# Bolk type Egyptian Swifts



## dewlap1 (Nov 28, 2009)

So are there any other breeders and flyers of pure bred Bolk Egyptian Swifts here in the US ?

I sure enjoy their flying ability they fly in any weather, snow rain, hot cold and high winds.


----------



## dewlap1 (Nov 28, 2009)

Young Achdar Bolk,


----------



## dewlap1 (Nov 28, 2009)




----------



## dewlap1 (Nov 28, 2009)

My Egyptian Swift Pigeons in Flight


----------



## dewlap1 (Nov 28, 2009)

Does anyone have any Egyptian swifts? or are interested in this breed?


----------



## Ilovepigeons42 (Jul 16, 2017)

I have a couple but they don't fly good how long do yours fly for


----------



## dewlap1 (Nov 28, 2009)

Mine will fly short flights of 15min's to 2 hours. They will fly high, low and mid levels. These have been the BEST fliers that I have ever had!


----------



## Jay3 (May 4, 2008)

Pretty birds.


----------



## dewlap1 (Nov 28, 2009)

Thank you,

pigeons42, what type or family of Egyptian swifts do you have? Colors? How long have you had them.
When I got mine, they were never flown at all. It took months before they settled in and started to fly. Never lost any


----------



## Ilovepigeons42 (Jul 16, 2017)

Here is a picture on mine what would they be


----------



## Ilovepigeons42 (Jul 16, 2017)

They produce all white babies


----------



## SRSeedBurners (Jul 22, 2015)

Wow, those Egyptian Swifts look amazing. They look fast too. Just what I need to outrun the Coopers Hawks around here.


----------



## Ilovepigeons42 (Jul 16, 2017)

I'll trade ya for a pair of Budapest highfliers


----------



## dewlap1 (Nov 28, 2009)

Picture is too big, I could not see the complete bird.


----------



## SRSeedBurners (Jul 22, 2015)

dewlap1 said:


> Picture is too big, I could not see the complete bird.
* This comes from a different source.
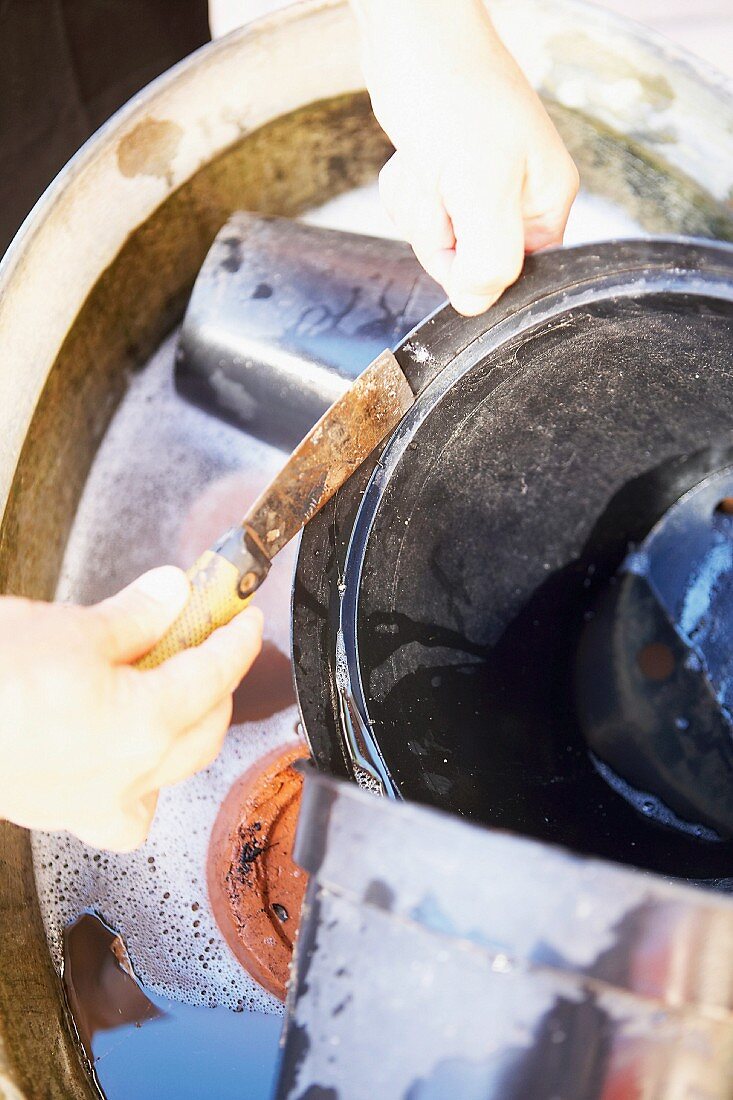 Cleaning flowerpots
You can left-click on the image and select 'view image' (firefox) and it will resize the image to your browser. Chrome/IE may have a different wording but all browsers will view the image in relation to your screen size.


P.S. you ever sell birds from your Egyptians?


----------



## dewlap1 (Nov 28, 2009)

Okay, back in business, they fixed the problem.

SRSeed.. I may have some to sell in the fall. It is in the upper 90's now, too hot to ship.

Yes they are fast, can out fly the hawks & falcons! in two years only lost 3 birds, they fly everyday.

Ilove pigeons, PM me. I hate to tell you that those are not pure Egyptian swifts... sorry


----------



## Ilovepigeons42 (Jul 16, 2017)

Hey I don't know how to PM but what's up my friend yah I dunno but I think they might have a mix of homer blood down the line


----------



## YaSin11 (Jul 23, 2009)

dewlap1 said:


> My Egyptian Swift Pigeons in Flight


 
Very nice pictures dewlap1!

Thank you for sharing. I was not aware of this beautiful breed of pigeons.

Impressed to read that they free fly and apparently quiet fast also.

Good Luck


----------